**PROBLEM TO WORK ON:** Take the records below and set down exactly the lines from the one with "Auke Vleerstraat Onthulling" to the one with "ETC付いてます。ETCが使", ends included; do not copy the pictures.

**GIVEN INFORMATION:**
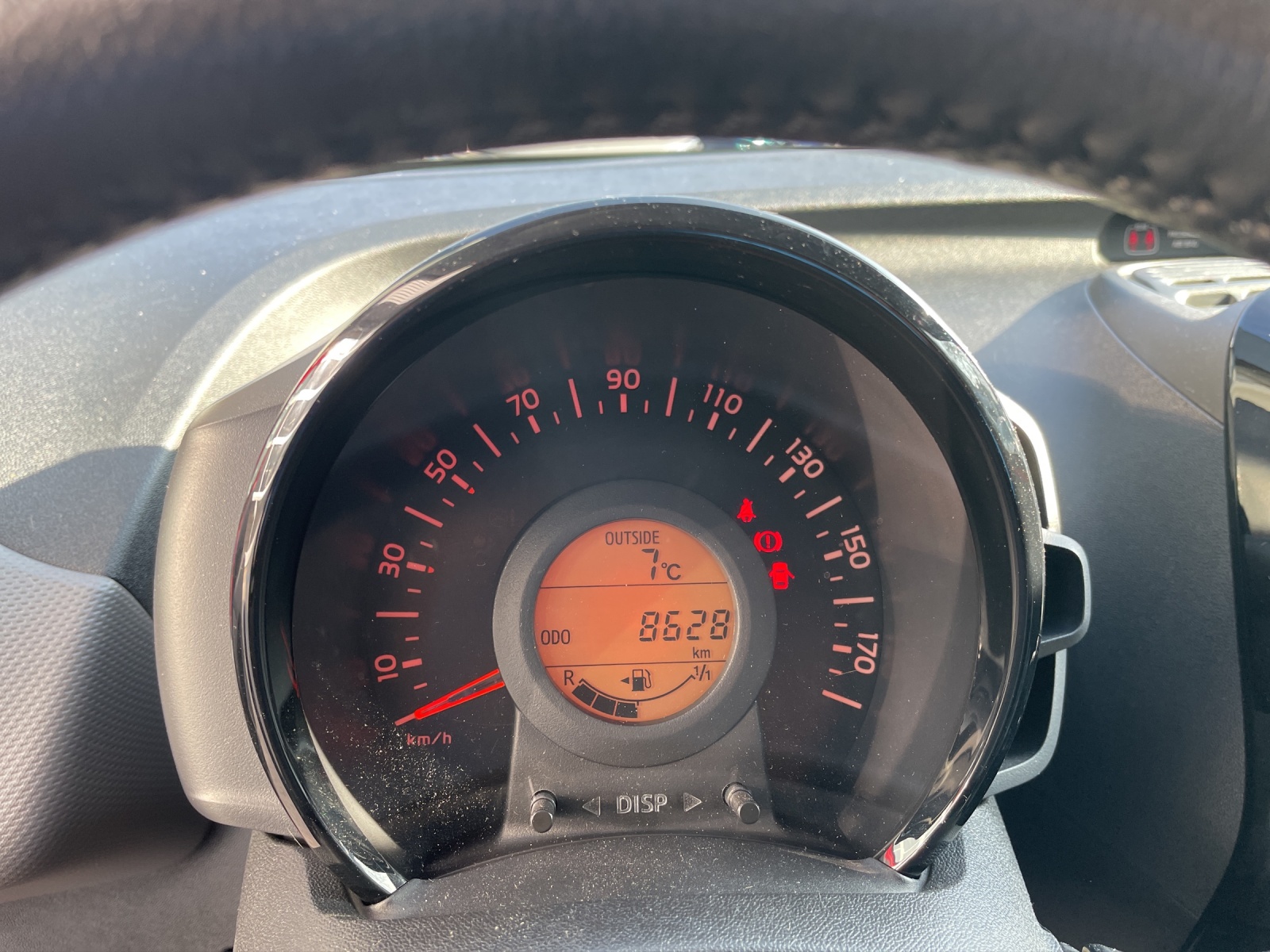 PEUGEOT 108 1.0 VTi Style-image-13
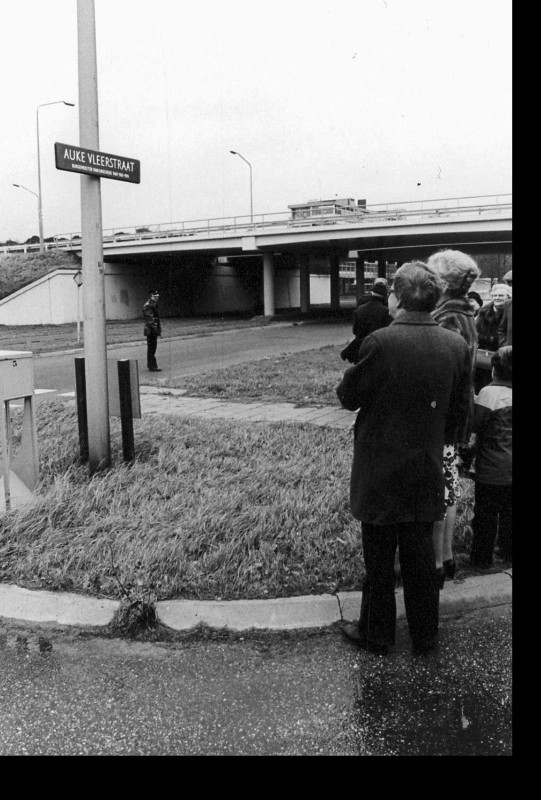 Auke Vleerstraat Onthulling van het straatnaambord van de Auke Vleerstraat. Op de achtergrond is het viaduct aan de Hengelosestraat nabij de Universiteit Twente (U.T.) zichtbaar (2).jpg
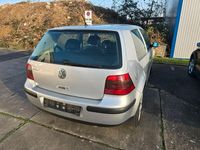 Gebraucht VW Golf IV Basis 102 PS (75 kW) 2001 Silber Limousine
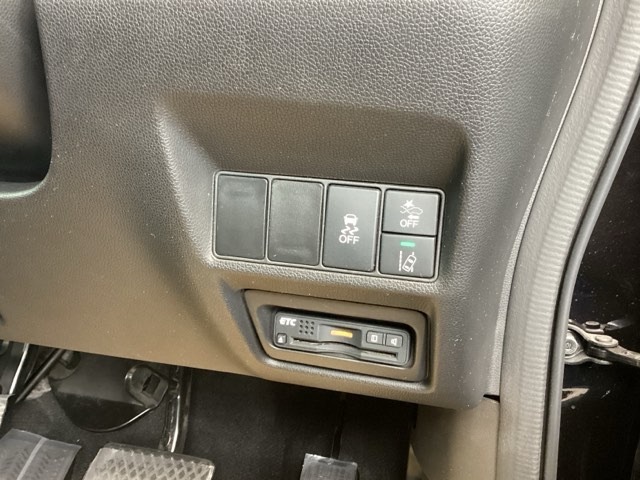 ETC付いてます。ETCが使用可能な道路通行料はキャッシュレスでスマートに走行できます。再セットアップして納車致します。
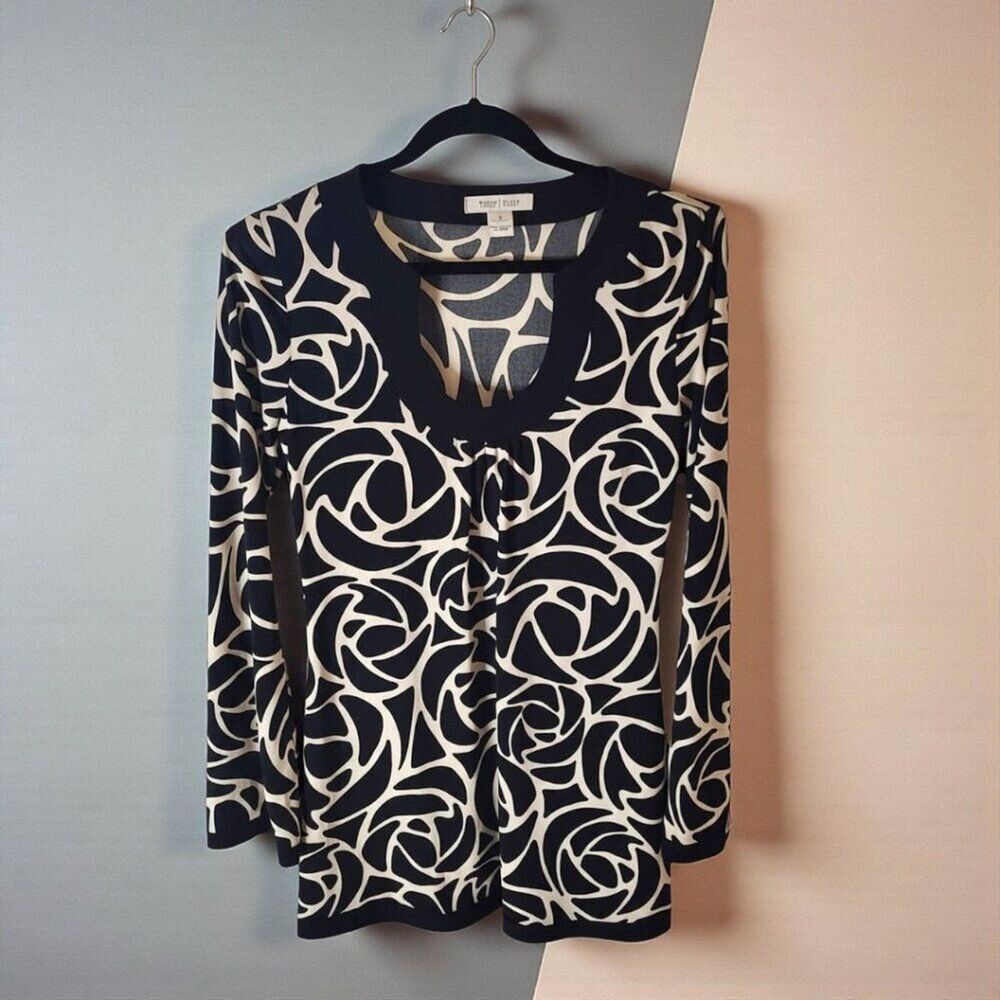 White House Black Market Tunic Top Size S Black White Geometric WHBM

**OUTPUT FOR THIS TASK:**
 Auke Vleerstraat Onthulling van het straatnaambord van de Auke Vleerstraat. Op de achtergrond is het viaduct aan de Hengelosestraat nabij de Universiteit Twente (U.T.) zichtbaar (2).jpg
 Gebraucht VW Golf IV Basis 102 PS (75 kW) 2001 Silber Limousine
 ETC付いてます。ETCが使用可能な道路通行料はキャッシュレスでスマートに走行できます。再セットアップして納車致します。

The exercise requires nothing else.